*Try it*. Please copy exactly the part of the records below that opens with the line containing "Used Ford Transit" and closes with the line containing "Cours de français 2", leaving out any pictures.

*Record set*.
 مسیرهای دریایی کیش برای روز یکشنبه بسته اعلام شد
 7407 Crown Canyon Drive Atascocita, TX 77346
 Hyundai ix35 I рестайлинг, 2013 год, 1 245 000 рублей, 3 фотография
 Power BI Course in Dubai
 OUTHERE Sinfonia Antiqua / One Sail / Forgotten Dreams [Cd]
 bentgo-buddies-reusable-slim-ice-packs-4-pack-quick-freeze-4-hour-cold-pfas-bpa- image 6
==
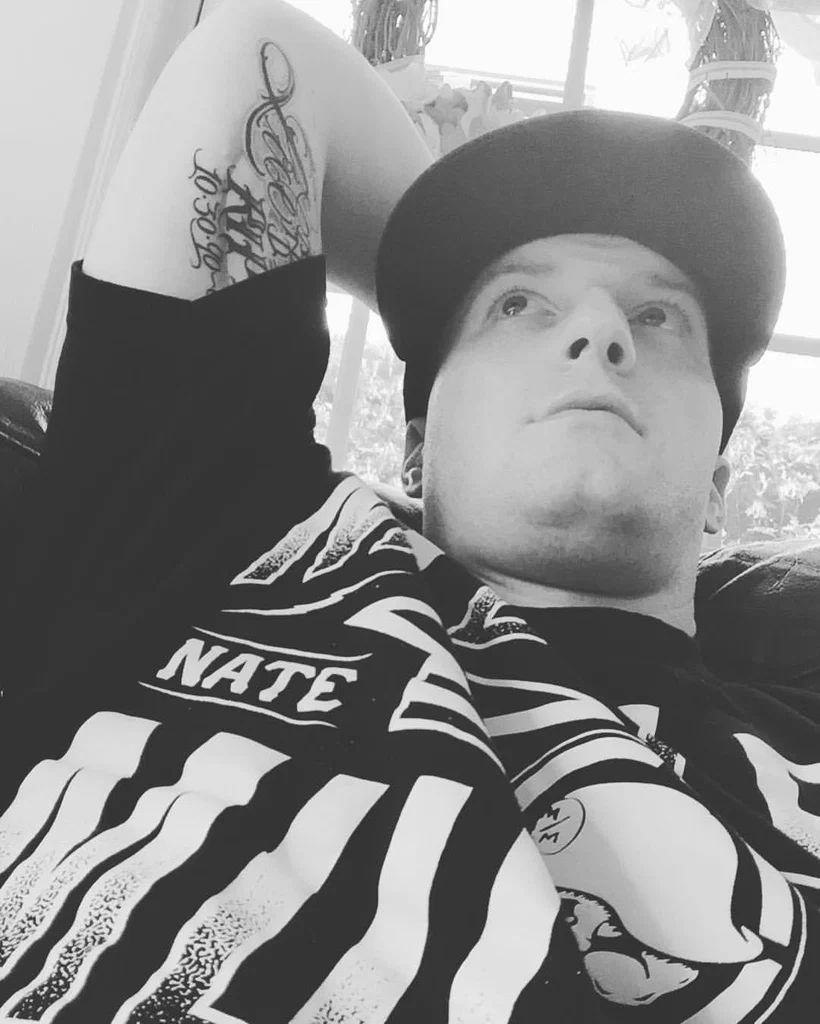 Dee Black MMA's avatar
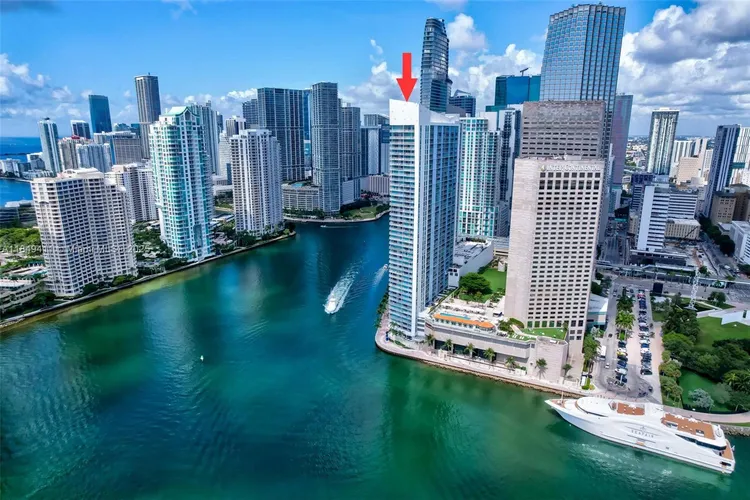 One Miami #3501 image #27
...
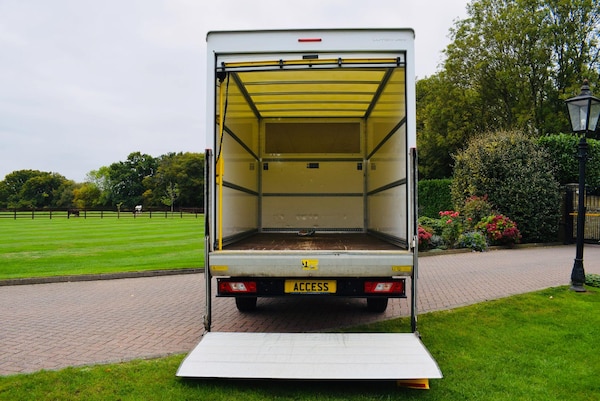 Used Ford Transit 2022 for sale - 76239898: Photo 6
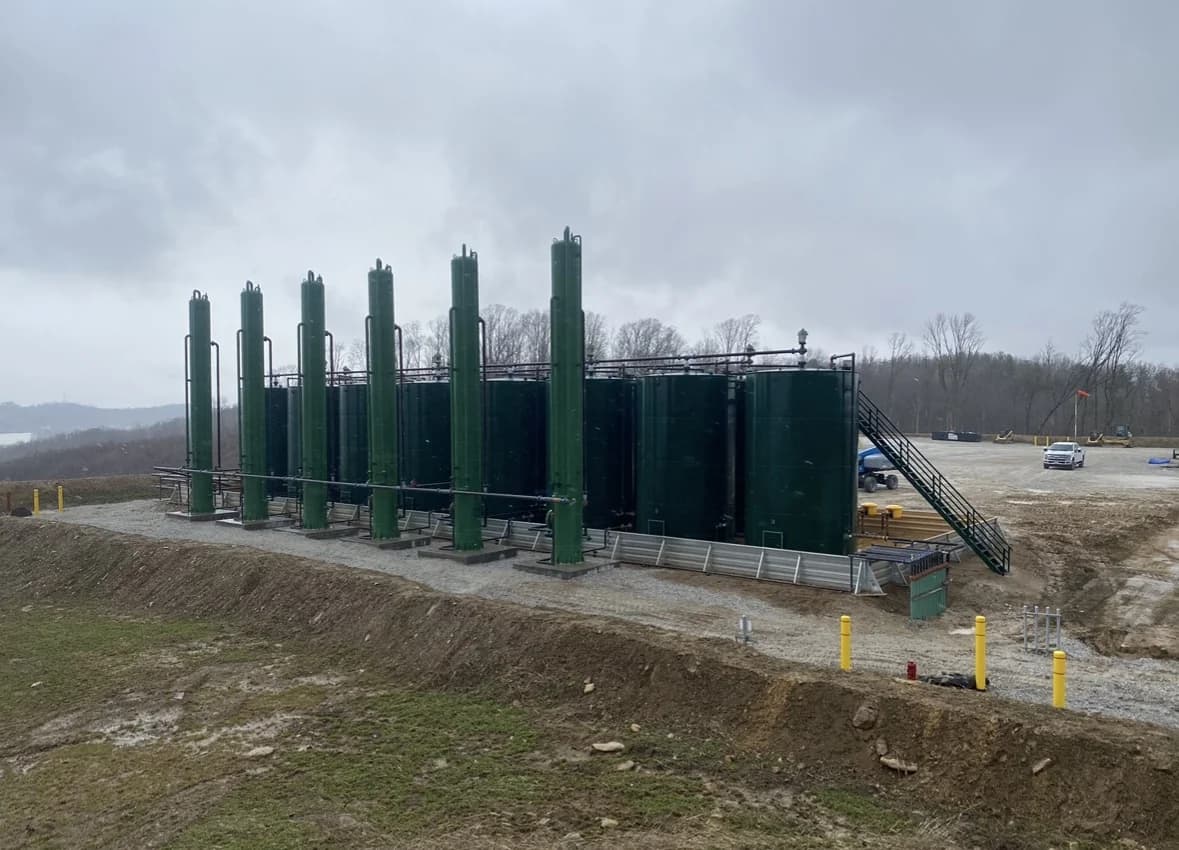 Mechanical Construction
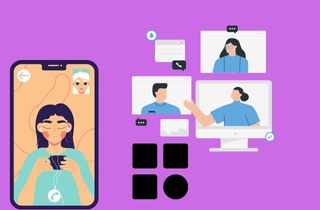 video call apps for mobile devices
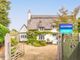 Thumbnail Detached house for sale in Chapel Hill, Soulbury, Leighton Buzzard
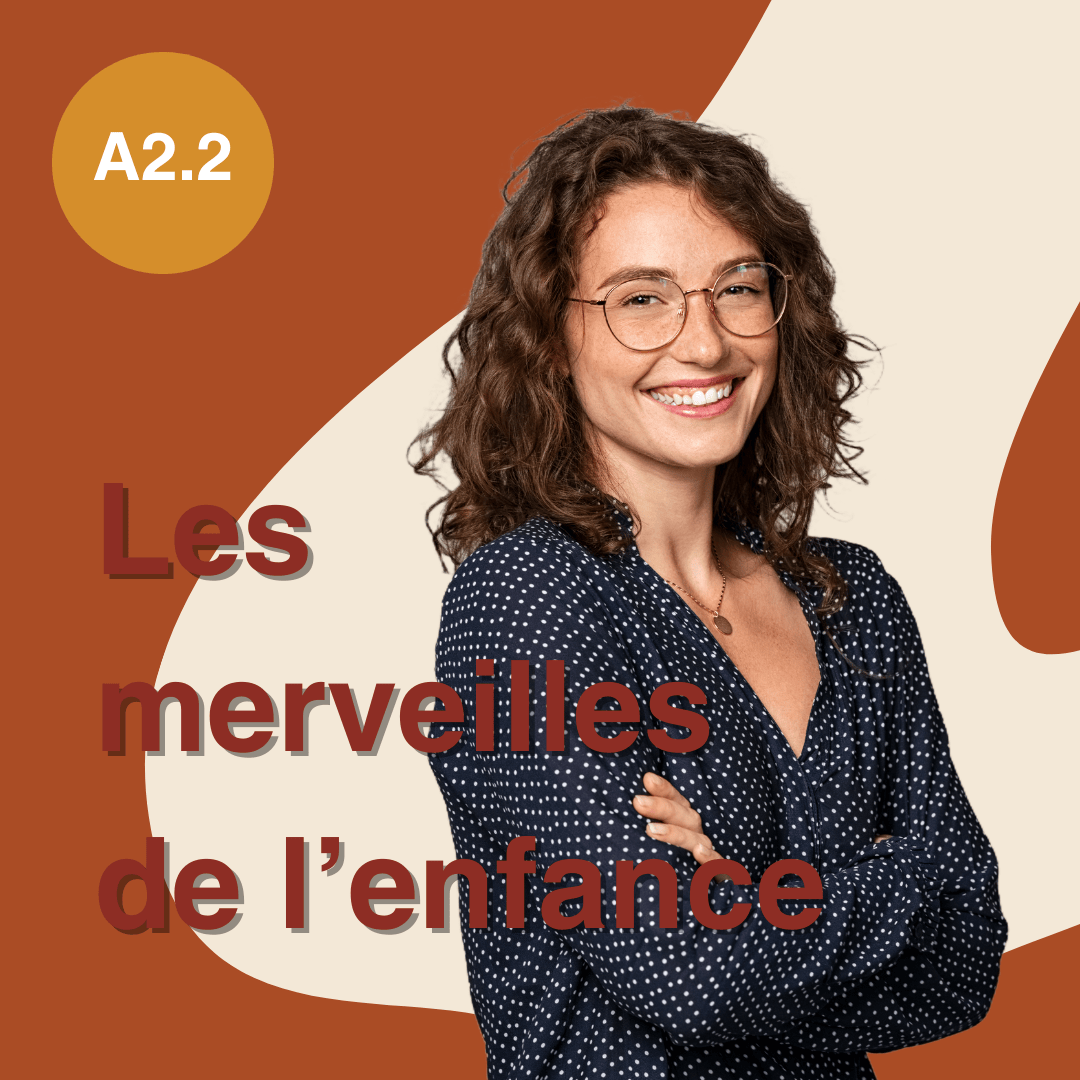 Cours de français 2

*Written reply*.
 Used Ford Transit 2022 for sale - 76239898: Photo 6
 Mechanical Construction
 video call apps for mobile devices
 Thumbnail Detached house for sale in Chapel Hill, Soulbury, Leighton Buzzard
 Cours de français 2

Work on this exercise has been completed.